Lebih mengejutkan, seluruh saksi yang dihadirkan mengaku tidak mengetahui jika Pdt. Hein Arina dijadikan tersangka dan kini terdakwa dalam kasus ini. Kondisi itu semakin menguatkan dugaan bahwa dakwaan JPU tidak memiliki dasar kuat.
Kuasa hukum terdakwa menilai jalannya persidangan sarat dengan indikasi kriminalisasi dan salah tafsir hukum. “Tujuh saksi hadir, tapi tidak ada satu pun yang memberi keterangan memberatkan klien kami. Ini semakin memperjelas dakwaan lemah dan terkesan dipaksakan,” tegas tim pengacara usai sidang.

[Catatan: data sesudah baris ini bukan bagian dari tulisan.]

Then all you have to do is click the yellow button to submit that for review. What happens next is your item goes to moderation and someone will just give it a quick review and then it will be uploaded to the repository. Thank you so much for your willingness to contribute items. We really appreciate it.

Gelombang reaksi publik, khususnya warga GMIM, mulai menguat. Banyak yang menilai bahwa proses persidangan ini justru menyeret nama gereja dalam pusaran hukum tanpa landasan yang jelas. “Sidang ini terasa seperti ada permainan yang merugikan nama baik gereja,” ungkap salah satu jemaat usai mengikuti persidangan.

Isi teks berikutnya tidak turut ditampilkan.